Maybe not but biology might have a very different scale for what huge means. HTM needs 1 Gbyte to encode a puny model of 4000columns x 32 cells x 32 dendrites x 32 synapses.
And that didn’t touched the performance issue.

But what you suggest is nevertheless interesting, for this exact reason.

2048 minicolumns/TM (Numenta default) seems huge to me. For biological cortex, ~100 minicolumns/cortical column is often suggested (Numenta used 150 in some experiments reported in the “Columns” paper). My guess is that (a) 2048 works for ML, where several input sources are encoded into a combined SDR (b) 2048 compensates for the absence of inter-cc connections in TM algorithms. A TM instance is proposed as a model of L4 of one cortical column: in the Numenta experiments inter-cc connections were only in the “output” (L2/3) layer, modelled by the Column Pooler algorithm.
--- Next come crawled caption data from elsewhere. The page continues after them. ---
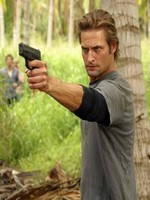 Josh Holloway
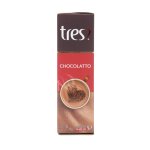 Cápsula AchocoLatado 3 Corações Chocolatto 10UN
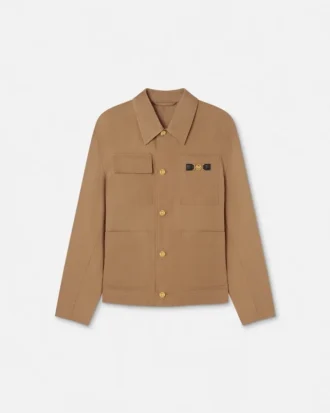 Canvas-Carpenter-Jacke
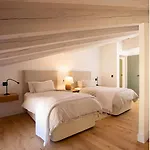 La Alberca Casa Con Jardin Y Piscina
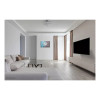 Neomounts WL40S-850BL18  43-86" Full Motion TV Wall Mount - Black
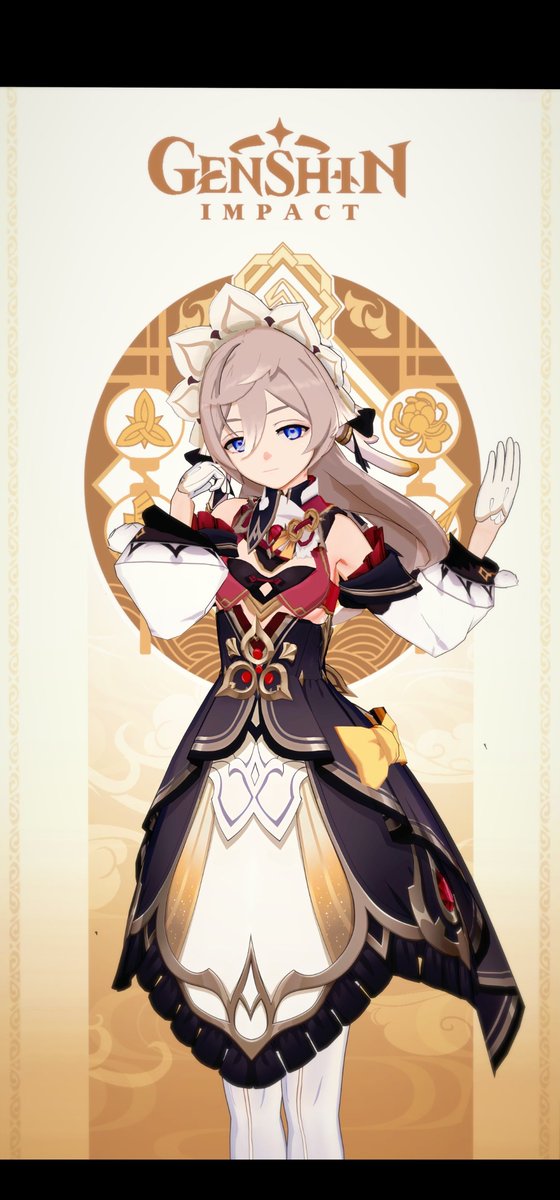 Yanfusion tweet picture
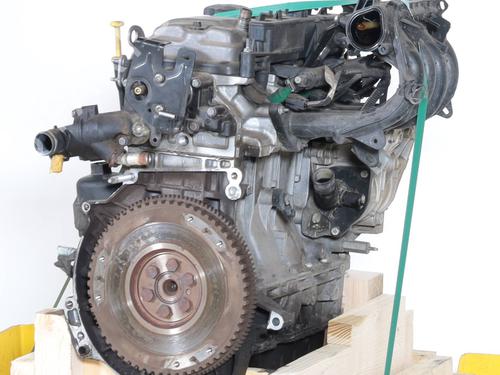 Used Engine Engine CITROËN C3 I (FC_, FN_) 1.1 i (60 hp) 26162989 26162989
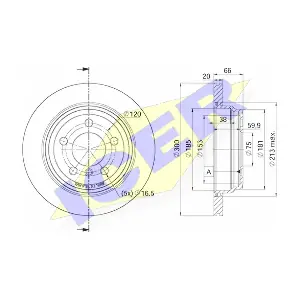 78BD34182 ICER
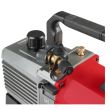 Pompe à vide M18 FUEL 18 V FVP5-801 5CFM + 1 batterie 8 Ah + chargeur MILWAUKEE 4933492854 photo du produit Secondaire 3 S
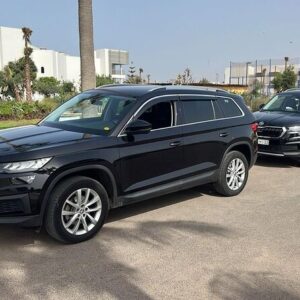Private Agadir Al Massira Airport (AGA) Transfer to Agadir Hotels & Resorts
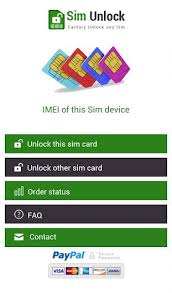 The sim unlock for sony xperia app was specifically designed to sim unlock sony xperia handsets. Sim Unlock Mobile Phone V0 0 1 Full Apk Jimtechs Biz Jimods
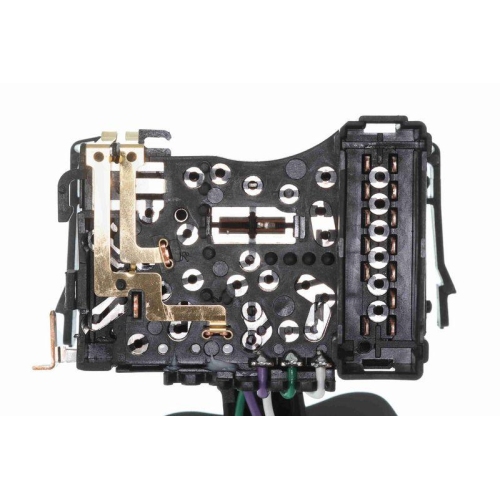 Lenkstockschalter VEMO V40-80-2458 Original VEMO Qualität für OPEL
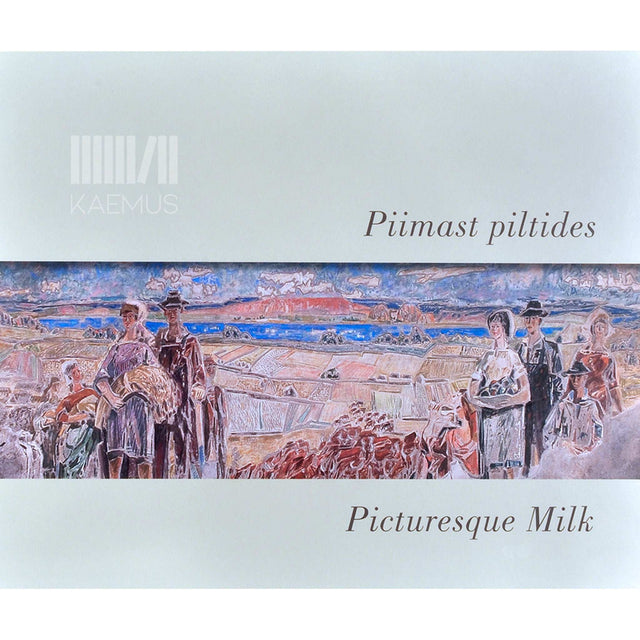… - Piimast piltides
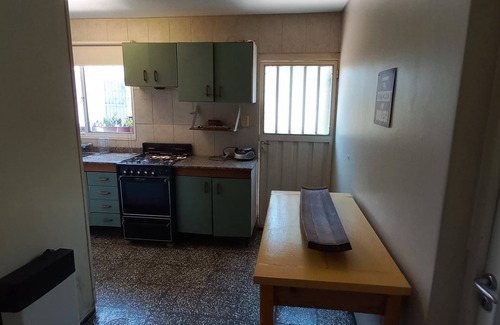 Godoy Cruz House | Mulberry trees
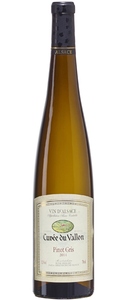AOC Vin d'Alsace Pinot gris 2014**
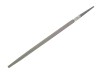Crescent Nicholson Round Second Cut File 150mm (6in)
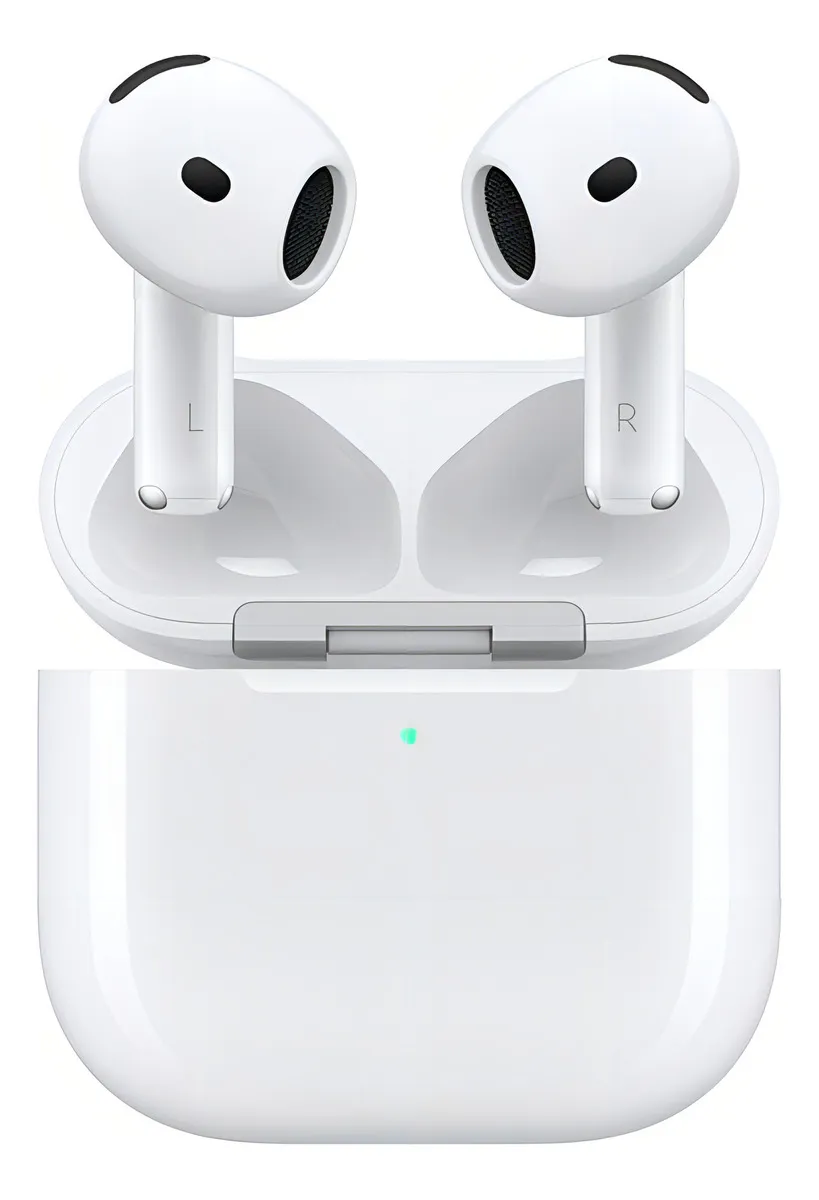 AirPods 4ta Gen c/cancelación (original)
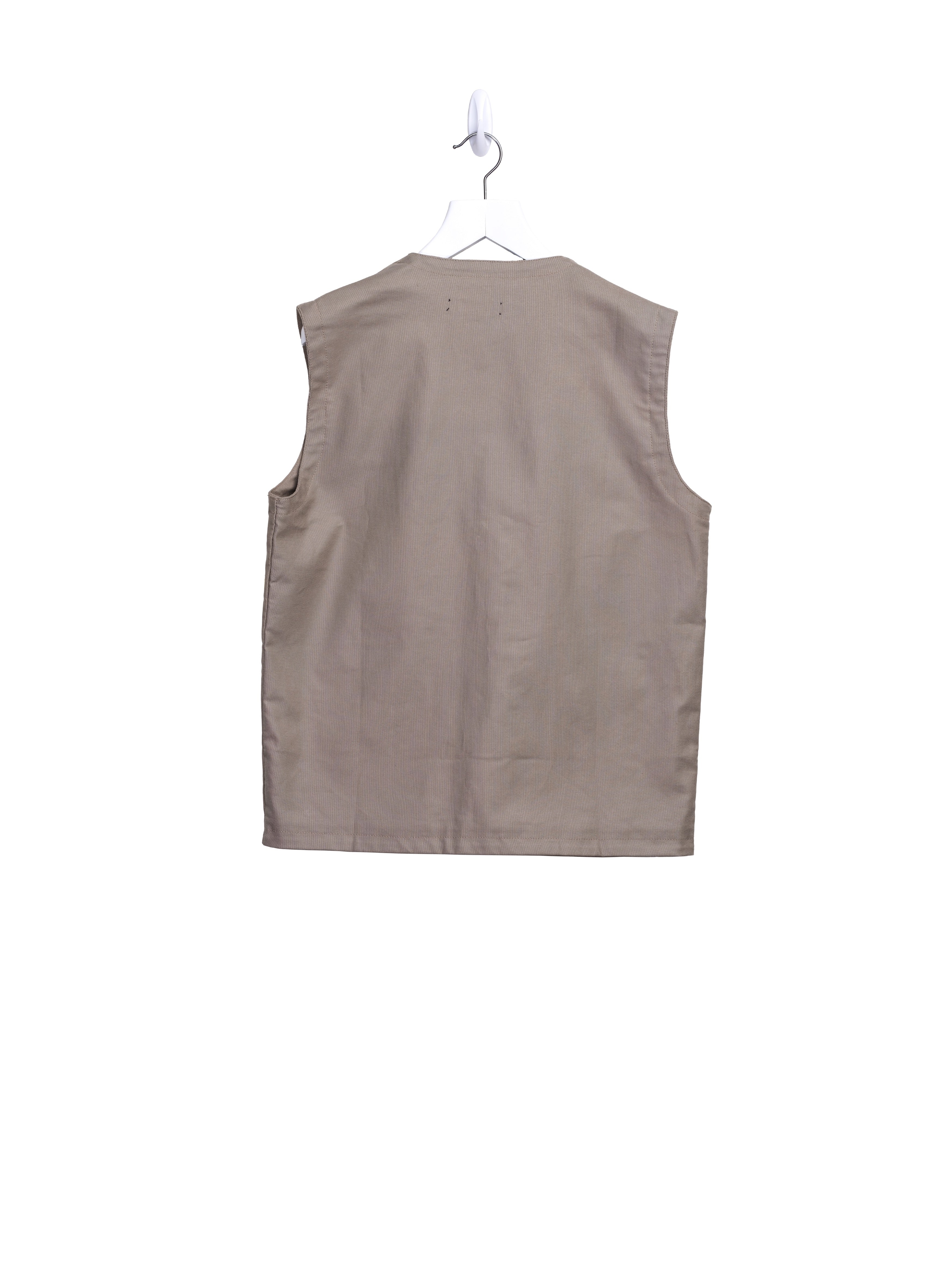 Pac Vest (Snaps) - Image 7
Yes, this is essentially the “AxonTree” data structure in HTM-scheme: for each TM instance it maps all “Sources” (origin cells, intra- and inter-cc) to the “Segments” (dendrites) containing the synapses. And indeed the overlap counts are accumulated in the Segments, not in a separate array.


I’m not sure about the mini-column term in HTM matches the biological counterpart.

My understanding is that in HTM cell terms are more or less a “branch”. A HTM mini-column is a pyramidal neuron. A biological mini-column is just an HTM TM. The cortical columns 100-150 of these working together (using the same input). Then you have 100s of small densely connected “things” loosely interconnected. This fits better with the axon length probability distribution.

I know this view is completely off from numenta’s … just I like it more :slight_smile:


Well what I recall is 100-150 neurons per minicolumn and ~2000 minicolumns to build a column.

Beware that 2000 value is a bit arbitrary, probably was considered as an average of how large a surrounding area of a minicolumn is covered by its distal dendrite segments

PS if my math is right 2000 minicolumns would cover a tiny ~2mm diameter patch on the cortex surface. Or within that order of 1-10 square mm

Some cortical columns are only like .15 mm across (so like 1 to 25 minicolumns I guess). I think just do whatever works. Biology probably needs fewer minicolumns anyway, because it can use other forms of coding plus specializations unique to the sense.